Have you ever heard of Vaulting Exchange?
Vaulters have travelled around since forever. Going to competitions or international clinics in other continents is a routine for young athletes of this equestrian sport. But recently, a new kind of interchange has become quite popular among vaulters.
Vaulting Exchange is an opportunity for those who would like to travel and give classes in exchange of lodging and food. In fact, our very own Adele Feuerstein is one of these athletes: She has just came back from Peru, where she spent 2 months giving classes.
In a world that is more and more social everyday, it was just a matter of time until the vaulting world invented it’s very own Airbnb and we at VaultingNews are great enthusiasts of new ways to share and grow into a more creative sport.

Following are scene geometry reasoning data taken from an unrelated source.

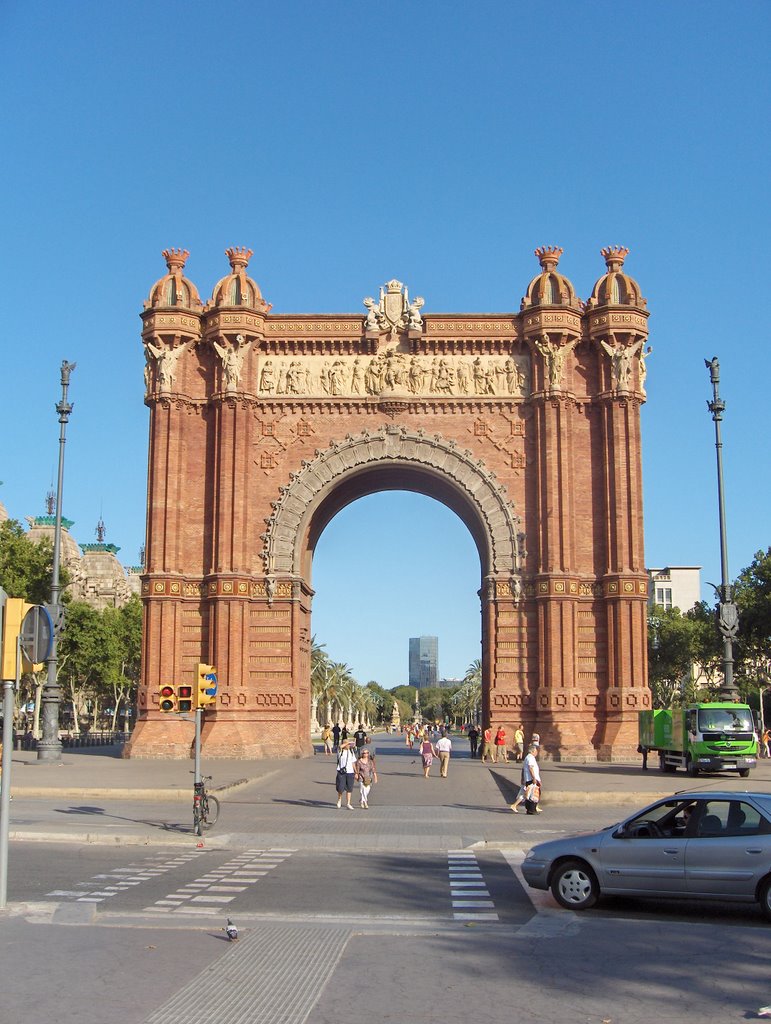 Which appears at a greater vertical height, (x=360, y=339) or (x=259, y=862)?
(x=360, y=339)

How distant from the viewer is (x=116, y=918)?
40.3ft

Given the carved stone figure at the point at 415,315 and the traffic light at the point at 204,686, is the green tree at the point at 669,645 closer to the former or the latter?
the carved stone figure at the point at 415,315

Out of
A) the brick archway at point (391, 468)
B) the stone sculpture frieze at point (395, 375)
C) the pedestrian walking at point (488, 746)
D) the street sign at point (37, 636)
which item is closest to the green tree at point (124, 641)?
the brick archway at point (391, 468)

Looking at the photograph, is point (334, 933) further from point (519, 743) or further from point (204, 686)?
point (519, 743)

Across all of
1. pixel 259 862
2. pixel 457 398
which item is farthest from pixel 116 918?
pixel 457 398

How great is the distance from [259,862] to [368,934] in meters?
6.49

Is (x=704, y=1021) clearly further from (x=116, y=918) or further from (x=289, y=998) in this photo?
(x=116, y=918)

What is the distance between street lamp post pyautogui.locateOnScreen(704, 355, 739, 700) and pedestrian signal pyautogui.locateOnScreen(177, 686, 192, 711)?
18.6 metres

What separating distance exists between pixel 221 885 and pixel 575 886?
189 inches

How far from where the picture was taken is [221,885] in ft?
48.7

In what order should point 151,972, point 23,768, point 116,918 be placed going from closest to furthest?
point 151,972
point 116,918
point 23,768

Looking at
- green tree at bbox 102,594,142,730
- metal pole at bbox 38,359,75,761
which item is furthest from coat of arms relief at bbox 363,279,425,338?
green tree at bbox 102,594,142,730

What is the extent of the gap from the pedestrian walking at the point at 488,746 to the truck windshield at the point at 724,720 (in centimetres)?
881

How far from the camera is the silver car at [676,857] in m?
12.3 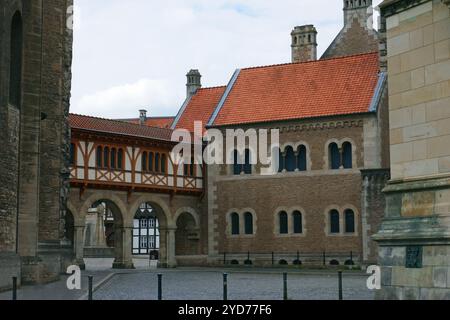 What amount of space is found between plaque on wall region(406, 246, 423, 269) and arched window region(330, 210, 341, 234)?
1110 inches

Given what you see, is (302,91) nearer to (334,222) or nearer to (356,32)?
(334,222)

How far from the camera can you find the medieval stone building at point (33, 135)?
23000 millimetres

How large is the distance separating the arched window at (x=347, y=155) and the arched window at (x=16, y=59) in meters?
20.6

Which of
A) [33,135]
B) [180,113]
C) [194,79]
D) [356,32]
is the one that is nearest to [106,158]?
[180,113]

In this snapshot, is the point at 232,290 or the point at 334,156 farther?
the point at 334,156

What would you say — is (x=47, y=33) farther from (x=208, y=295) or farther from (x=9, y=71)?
(x=208, y=295)

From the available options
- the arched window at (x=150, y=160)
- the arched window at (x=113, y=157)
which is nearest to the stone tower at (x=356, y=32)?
the arched window at (x=150, y=160)

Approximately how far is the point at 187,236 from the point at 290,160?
7.97 metres

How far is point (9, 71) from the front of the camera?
2362cm

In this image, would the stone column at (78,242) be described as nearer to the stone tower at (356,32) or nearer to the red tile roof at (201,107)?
the red tile roof at (201,107)

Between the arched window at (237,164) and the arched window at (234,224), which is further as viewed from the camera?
the arched window at (237,164)

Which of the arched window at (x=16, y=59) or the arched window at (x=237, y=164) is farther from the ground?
the arched window at (x=16, y=59)

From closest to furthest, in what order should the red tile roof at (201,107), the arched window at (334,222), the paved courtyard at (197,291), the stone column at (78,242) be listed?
the paved courtyard at (197,291) → the stone column at (78,242) → the arched window at (334,222) → the red tile roof at (201,107)

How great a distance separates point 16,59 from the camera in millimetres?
25359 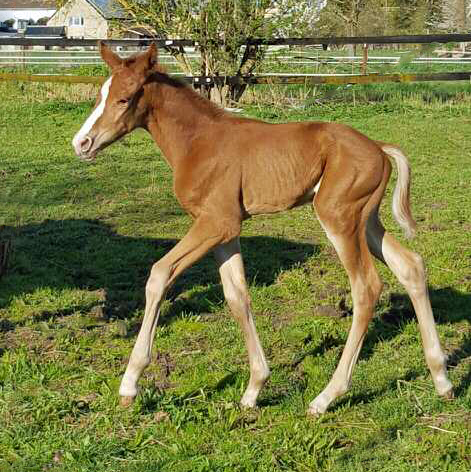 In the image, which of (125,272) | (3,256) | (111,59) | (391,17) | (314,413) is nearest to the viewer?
(314,413)

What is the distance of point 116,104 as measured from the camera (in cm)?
471

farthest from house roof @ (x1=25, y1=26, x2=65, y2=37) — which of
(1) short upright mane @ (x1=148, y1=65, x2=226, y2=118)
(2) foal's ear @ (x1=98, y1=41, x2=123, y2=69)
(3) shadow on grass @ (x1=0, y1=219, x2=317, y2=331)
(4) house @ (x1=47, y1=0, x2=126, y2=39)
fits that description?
(1) short upright mane @ (x1=148, y1=65, x2=226, y2=118)

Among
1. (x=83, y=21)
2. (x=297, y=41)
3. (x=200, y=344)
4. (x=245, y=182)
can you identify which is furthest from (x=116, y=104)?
(x=83, y=21)

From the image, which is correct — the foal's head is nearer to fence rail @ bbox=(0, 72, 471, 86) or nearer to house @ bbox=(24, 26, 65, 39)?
fence rail @ bbox=(0, 72, 471, 86)

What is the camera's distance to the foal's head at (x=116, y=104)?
4.70 meters

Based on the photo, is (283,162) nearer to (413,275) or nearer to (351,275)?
(351,275)

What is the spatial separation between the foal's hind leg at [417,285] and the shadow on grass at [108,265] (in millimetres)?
1895

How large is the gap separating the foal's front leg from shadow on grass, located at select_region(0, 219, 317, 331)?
5.73 feet

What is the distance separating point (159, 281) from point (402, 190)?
1.52 metres

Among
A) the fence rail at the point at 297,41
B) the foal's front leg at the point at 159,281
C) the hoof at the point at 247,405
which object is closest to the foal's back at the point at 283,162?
the foal's front leg at the point at 159,281

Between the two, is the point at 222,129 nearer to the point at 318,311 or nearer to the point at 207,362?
the point at 207,362

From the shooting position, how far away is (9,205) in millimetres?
9789

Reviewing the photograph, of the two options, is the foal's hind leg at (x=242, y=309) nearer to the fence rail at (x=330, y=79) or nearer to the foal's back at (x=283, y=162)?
the foal's back at (x=283, y=162)

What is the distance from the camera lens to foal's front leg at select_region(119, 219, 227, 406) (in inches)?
181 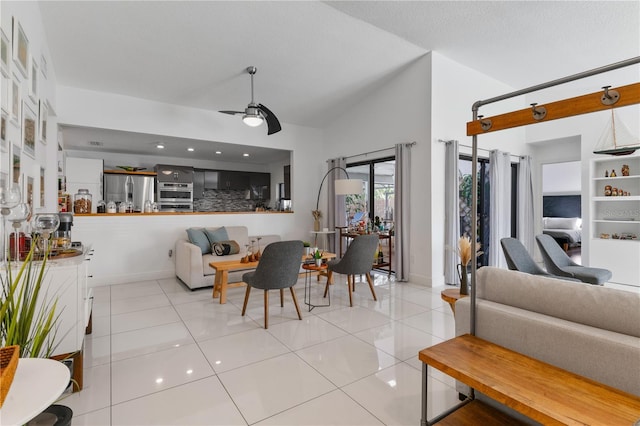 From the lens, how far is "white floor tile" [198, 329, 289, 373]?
2493 millimetres

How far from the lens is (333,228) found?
6488 millimetres

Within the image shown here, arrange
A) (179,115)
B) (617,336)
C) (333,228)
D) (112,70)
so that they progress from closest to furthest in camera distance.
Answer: (617,336) → (112,70) → (179,115) → (333,228)

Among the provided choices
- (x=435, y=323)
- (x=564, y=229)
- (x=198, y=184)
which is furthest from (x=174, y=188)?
(x=564, y=229)

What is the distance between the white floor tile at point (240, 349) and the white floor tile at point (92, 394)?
675 millimetres

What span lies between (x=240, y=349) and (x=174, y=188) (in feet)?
20.2

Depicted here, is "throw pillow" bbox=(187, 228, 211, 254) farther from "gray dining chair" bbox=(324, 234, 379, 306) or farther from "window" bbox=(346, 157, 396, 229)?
"window" bbox=(346, 157, 396, 229)

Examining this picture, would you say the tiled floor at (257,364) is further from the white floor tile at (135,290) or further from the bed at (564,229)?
the bed at (564,229)

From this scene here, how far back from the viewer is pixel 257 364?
8.09 ft

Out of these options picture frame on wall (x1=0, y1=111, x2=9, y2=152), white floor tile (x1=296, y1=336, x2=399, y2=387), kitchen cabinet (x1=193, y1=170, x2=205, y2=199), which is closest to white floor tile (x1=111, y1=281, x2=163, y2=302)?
picture frame on wall (x1=0, y1=111, x2=9, y2=152)

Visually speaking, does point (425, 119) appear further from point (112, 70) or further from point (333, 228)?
point (112, 70)

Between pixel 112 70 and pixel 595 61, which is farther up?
pixel 595 61

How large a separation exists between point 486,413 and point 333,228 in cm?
486

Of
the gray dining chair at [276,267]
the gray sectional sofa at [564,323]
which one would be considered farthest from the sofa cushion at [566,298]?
the gray dining chair at [276,267]


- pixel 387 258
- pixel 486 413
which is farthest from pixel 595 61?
pixel 486 413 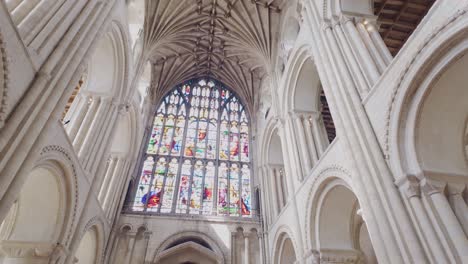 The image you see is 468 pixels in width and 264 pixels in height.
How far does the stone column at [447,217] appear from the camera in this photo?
4.33 m

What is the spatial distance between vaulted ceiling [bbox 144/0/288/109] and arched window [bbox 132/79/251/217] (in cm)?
113

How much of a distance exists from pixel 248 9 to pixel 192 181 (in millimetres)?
9516

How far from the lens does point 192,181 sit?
15734mm

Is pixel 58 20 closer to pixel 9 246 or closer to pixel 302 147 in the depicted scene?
pixel 9 246

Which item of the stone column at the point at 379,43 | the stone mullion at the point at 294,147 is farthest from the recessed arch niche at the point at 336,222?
the stone column at the point at 379,43

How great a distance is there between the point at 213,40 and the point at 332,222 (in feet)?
44.2

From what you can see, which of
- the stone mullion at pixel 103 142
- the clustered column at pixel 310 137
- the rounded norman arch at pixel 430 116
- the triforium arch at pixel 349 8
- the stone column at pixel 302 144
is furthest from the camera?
the clustered column at pixel 310 137

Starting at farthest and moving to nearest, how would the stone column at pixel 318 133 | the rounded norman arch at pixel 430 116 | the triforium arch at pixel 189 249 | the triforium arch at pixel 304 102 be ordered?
the triforium arch at pixel 189 249
the triforium arch at pixel 304 102
the stone column at pixel 318 133
the rounded norman arch at pixel 430 116

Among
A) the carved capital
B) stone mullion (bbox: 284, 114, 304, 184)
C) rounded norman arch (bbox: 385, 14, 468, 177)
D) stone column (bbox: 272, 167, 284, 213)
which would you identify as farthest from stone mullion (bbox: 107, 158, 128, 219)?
the carved capital

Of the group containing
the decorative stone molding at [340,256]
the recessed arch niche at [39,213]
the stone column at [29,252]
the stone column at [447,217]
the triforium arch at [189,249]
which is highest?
the triforium arch at [189,249]

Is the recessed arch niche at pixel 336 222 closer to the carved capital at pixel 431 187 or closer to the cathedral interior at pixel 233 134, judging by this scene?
the cathedral interior at pixel 233 134

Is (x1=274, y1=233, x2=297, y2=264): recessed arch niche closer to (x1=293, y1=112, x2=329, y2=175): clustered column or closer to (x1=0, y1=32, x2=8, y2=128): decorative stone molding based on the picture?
(x1=293, y1=112, x2=329, y2=175): clustered column

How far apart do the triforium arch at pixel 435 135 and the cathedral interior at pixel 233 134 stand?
3cm

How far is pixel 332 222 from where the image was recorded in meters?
8.72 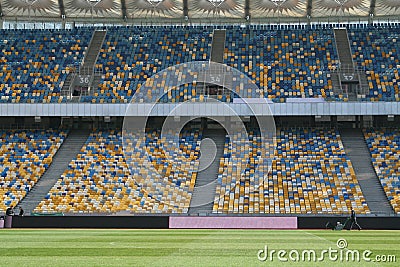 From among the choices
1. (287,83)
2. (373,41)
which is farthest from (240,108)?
(373,41)

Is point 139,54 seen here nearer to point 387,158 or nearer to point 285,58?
point 285,58

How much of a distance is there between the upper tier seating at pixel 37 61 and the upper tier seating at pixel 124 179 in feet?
18.2

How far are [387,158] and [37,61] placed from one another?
28.2 metres

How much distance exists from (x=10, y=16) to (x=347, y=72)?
30.0 m

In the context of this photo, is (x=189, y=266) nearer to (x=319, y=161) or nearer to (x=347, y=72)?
(x=319, y=161)

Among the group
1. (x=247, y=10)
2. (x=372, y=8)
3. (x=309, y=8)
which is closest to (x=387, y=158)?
(x=372, y=8)

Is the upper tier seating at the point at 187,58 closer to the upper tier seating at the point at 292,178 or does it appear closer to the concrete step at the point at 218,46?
the concrete step at the point at 218,46

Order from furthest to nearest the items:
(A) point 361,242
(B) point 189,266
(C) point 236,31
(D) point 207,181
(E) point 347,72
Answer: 1. (C) point 236,31
2. (E) point 347,72
3. (D) point 207,181
4. (A) point 361,242
5. (B) point 189,266

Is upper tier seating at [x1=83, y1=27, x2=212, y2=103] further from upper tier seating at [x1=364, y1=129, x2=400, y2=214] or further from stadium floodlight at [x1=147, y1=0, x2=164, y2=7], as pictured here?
upper tier seating at [x1=364, y1=129, x2=400, y2=214]

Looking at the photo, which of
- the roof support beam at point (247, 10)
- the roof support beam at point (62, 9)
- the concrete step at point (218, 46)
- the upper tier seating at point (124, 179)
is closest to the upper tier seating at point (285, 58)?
the concrete step at point (218, 46)

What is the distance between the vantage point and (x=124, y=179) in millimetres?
50281

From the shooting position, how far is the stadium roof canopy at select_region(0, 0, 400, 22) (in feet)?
213

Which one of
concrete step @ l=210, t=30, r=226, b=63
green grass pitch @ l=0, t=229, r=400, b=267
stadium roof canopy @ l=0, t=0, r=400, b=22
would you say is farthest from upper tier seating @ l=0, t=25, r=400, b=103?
green grass pitch @ l=0, t=229, r=400, b=267

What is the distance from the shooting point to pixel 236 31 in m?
64.8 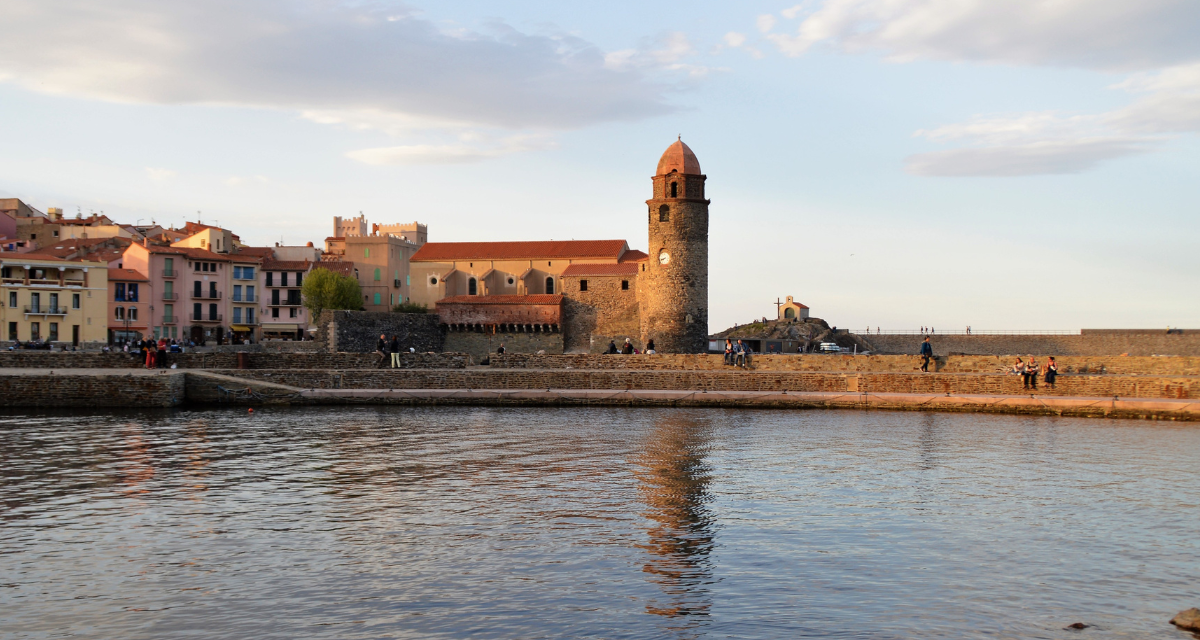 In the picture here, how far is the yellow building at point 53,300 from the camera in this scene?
51625 mm

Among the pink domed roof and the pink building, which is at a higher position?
the pink domed roof

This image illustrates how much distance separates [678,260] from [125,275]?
33534 mm

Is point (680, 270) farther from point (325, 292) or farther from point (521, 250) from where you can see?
point (325, 292)

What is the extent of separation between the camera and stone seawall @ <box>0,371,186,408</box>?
3138 cm

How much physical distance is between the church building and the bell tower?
0.05 m

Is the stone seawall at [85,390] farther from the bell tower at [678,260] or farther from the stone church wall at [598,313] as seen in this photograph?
the stone church wall at [598,313]

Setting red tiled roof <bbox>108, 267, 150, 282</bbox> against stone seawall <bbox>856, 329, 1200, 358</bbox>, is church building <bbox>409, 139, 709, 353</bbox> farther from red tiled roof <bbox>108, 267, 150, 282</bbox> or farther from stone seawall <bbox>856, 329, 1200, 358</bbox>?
red tiled roof <bbox>108, 267, 150, 282</bbox>

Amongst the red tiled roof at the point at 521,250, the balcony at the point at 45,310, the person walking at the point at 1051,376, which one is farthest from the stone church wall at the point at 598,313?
the person walking at the point at 1051,376

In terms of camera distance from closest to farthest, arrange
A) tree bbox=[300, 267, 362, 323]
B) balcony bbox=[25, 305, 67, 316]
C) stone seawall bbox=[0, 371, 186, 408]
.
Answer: stone seawall bbox=[0, 371, 186, 408] < balcony bbox=[25, 305, 67, 316] < tree bbox=[300, 267, 362, 323]

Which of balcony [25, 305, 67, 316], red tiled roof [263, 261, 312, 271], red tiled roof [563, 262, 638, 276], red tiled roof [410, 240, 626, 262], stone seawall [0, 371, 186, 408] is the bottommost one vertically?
stone seawall [0, 371, 186, 408]

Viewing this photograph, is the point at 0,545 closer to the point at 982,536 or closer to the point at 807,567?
the point at 807,567

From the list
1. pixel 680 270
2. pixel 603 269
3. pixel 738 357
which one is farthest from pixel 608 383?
pixel 603 269

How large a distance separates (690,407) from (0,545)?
22.6m

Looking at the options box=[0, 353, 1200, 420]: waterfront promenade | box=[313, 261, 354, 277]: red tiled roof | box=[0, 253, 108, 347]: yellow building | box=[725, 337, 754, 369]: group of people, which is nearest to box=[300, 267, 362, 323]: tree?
box=[313, 261, 354, 277]: red tiled roof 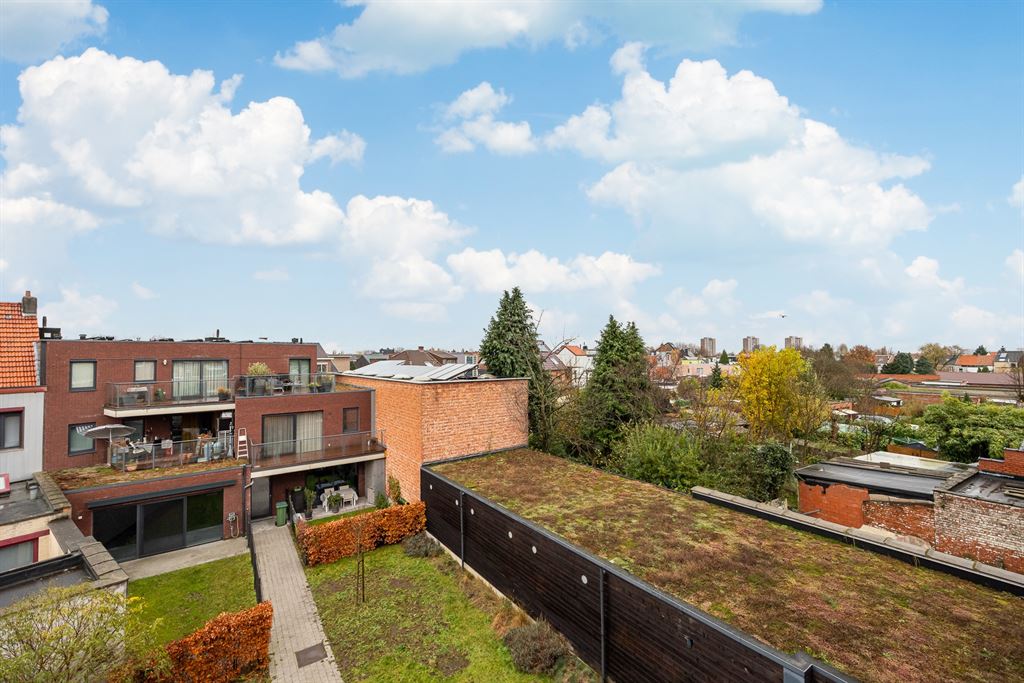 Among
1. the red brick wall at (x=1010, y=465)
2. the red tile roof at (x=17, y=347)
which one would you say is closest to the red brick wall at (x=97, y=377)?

Vaulting Exchange is not only a benefit for the vaulters who get to travel, but it could be a good deal for the clubs that receive them:
Let’s just say it might be a much more interesting option than bringing expensive foreign teachers for clubs that might still not have the technical development to receive their trainings.
It’s also not just an option for experienced european vaulters. If you have been vaulting for sometime and would like to travel while adding something to another vaulting community: This might also be an option for you. (Let’s just remember that some experience with teaching is also very important).
We have talked to Bamdad Memarian, a young vaulter from Köln, Germany – for those of you who don’t remember him, I’d higly recomend wacthing this video as soon as you can – he has travelled to South Africa, Zambia, Swaziland, Mauritius and Australia and has worked with a few of Africa’s most promising athletes – Viki Damiani and Lambert Leclezio.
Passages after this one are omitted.